→ INPUT DATA:
★ ★ ★ ★

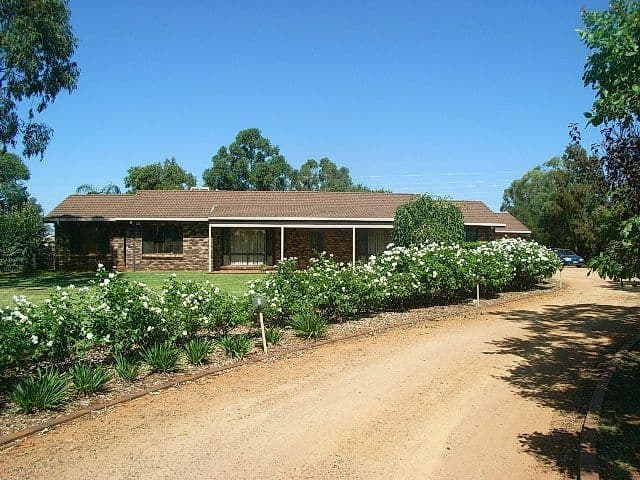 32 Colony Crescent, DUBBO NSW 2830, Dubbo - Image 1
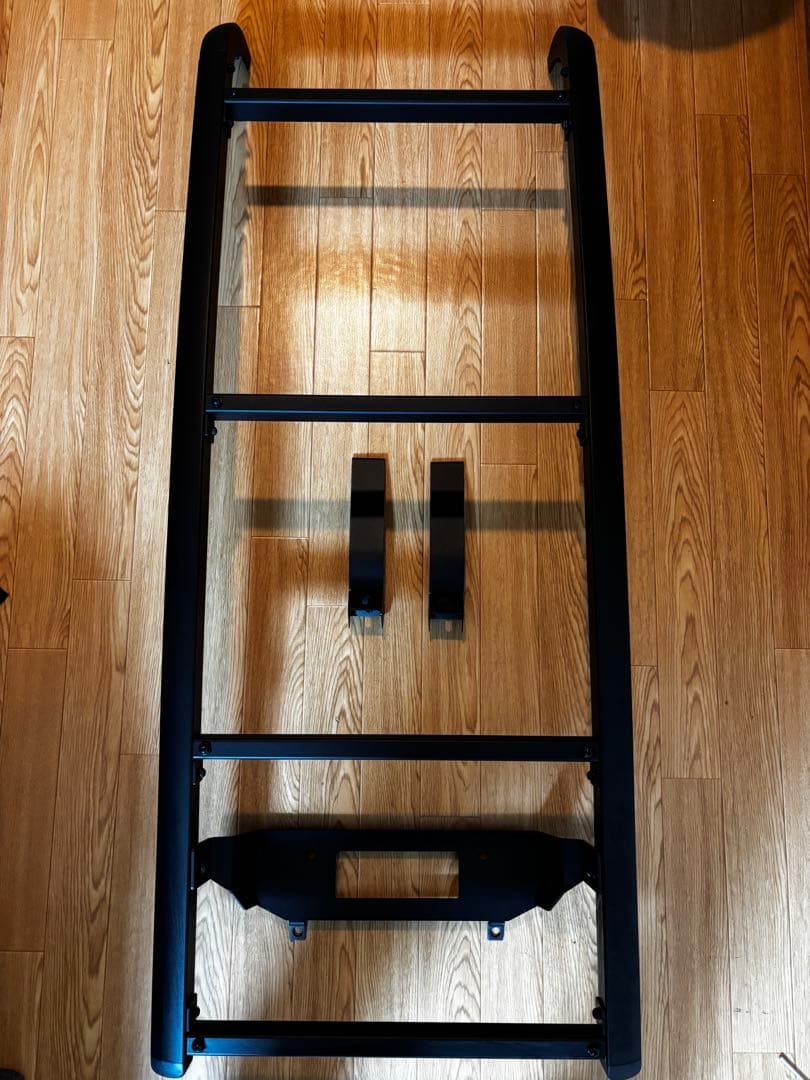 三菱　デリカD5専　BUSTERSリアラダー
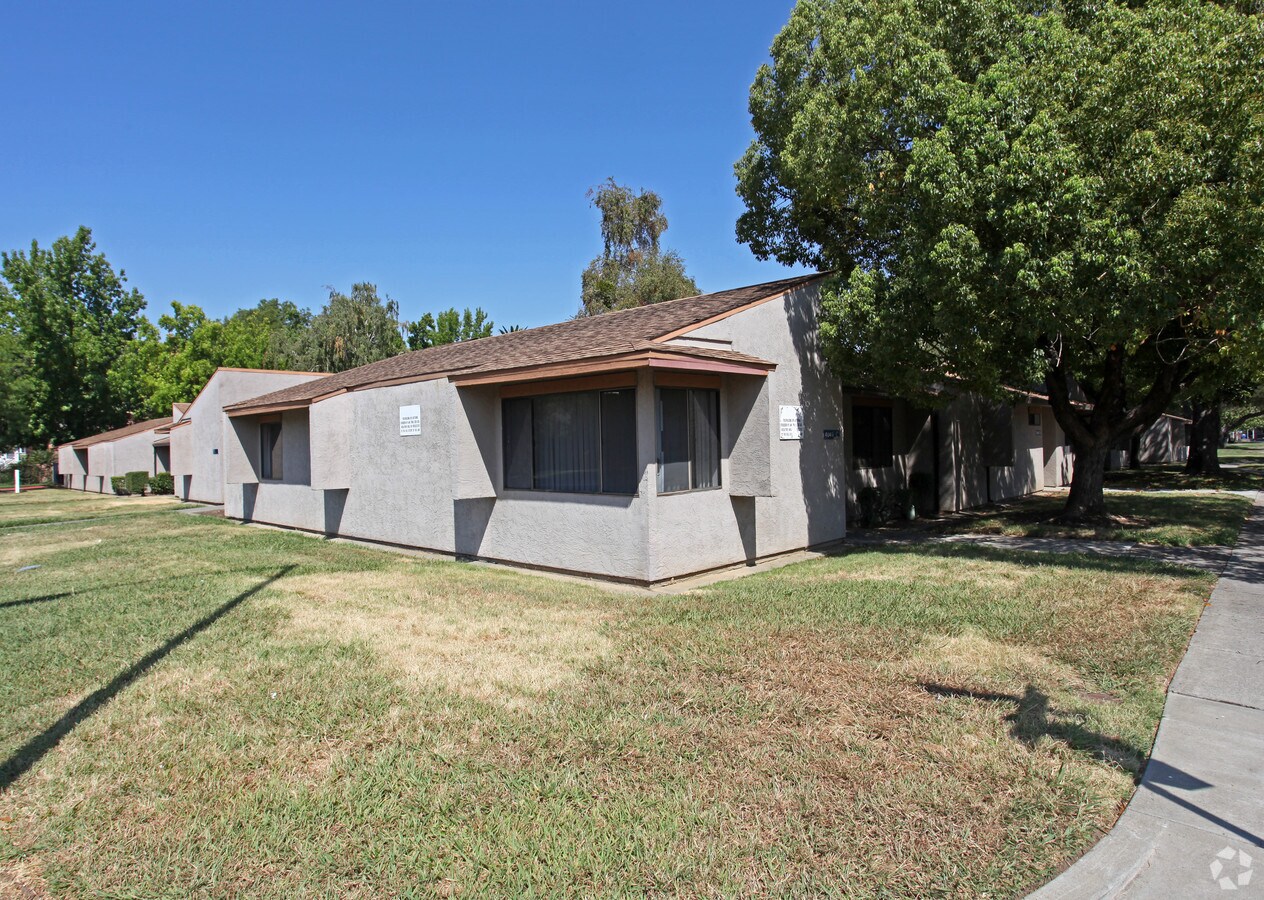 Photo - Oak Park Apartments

★ ★ ★ ★

→ TASK STATEMENT: Reproduce the data word for word without its images.

→ TASK RESPONSE:
 32 Colony Crescent, DUBBO NSW 2830, Dubbo - Image 1
 三菱　デリカD5専　BUSTERSリアラダー
 Photo - Oak Park Apartments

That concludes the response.